#7818 greenwave in staging is piling messages
Closed: Fixed 10 months ago by gnaponie. Opened 10 months ago by pingou.

@kevin reported on #7817 that greenwave in staging has 155k+ messages in its queue, so the consumer may have an issue.

Source: https://pagure.io/fedora-infrastructure/issue/7817#comment-571406


The fedmsg consumer pod is crashing. Is it expected to still run this with the move to fedora-messaging?

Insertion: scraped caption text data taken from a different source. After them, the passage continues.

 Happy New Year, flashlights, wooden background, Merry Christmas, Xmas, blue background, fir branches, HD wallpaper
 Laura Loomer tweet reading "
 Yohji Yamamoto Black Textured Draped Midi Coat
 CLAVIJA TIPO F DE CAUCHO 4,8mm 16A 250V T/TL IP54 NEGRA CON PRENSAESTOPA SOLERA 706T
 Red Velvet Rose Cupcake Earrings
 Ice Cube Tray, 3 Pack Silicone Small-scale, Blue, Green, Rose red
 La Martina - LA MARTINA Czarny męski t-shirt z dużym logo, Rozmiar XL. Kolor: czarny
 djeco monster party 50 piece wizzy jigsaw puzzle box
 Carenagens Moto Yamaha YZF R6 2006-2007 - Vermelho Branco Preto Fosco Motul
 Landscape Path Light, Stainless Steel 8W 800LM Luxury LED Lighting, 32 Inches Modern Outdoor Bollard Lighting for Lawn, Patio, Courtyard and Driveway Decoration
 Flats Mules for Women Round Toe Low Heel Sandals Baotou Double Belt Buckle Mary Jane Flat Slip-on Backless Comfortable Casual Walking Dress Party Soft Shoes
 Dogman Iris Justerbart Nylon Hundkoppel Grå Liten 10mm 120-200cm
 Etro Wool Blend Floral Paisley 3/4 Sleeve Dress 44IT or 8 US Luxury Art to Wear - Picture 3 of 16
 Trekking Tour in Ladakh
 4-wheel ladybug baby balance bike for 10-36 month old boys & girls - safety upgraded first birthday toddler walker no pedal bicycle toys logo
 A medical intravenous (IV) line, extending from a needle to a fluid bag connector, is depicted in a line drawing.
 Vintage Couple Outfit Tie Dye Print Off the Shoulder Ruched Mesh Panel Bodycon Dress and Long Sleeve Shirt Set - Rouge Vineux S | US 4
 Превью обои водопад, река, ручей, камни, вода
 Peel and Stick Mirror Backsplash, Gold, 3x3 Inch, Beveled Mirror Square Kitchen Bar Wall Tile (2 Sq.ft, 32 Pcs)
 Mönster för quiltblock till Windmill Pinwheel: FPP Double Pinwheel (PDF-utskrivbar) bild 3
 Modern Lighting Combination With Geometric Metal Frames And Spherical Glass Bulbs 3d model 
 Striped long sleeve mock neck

Anyhow, it's crashing with:

[greenwave.consumers.resultsdb INFO] Greenwave resultsdb handler listening on: ['org.fedoraproject.staging.taskotron.result.new']
[greenwave.consumers.fedora_messaging_consumer INFO] Sending message received to: ResultsDBHandler
[greenwave.consumers.resultsdb DEBUG] Processing message "{'msg': {'task': {'type': 'bodhi_update', 'item': 'FEDORA-2019-9244c8b209', 'name': 'update.advisory_boot'}, 'result': {'id': 23523568, 'submit_time': '2019-04-24 13:06:12 UTC', 'prev_outcome': None, 'outcome': 'PASSED', 'log_url': 'https://openqa.stg.fedoraproject.org/tests/528801' }}}"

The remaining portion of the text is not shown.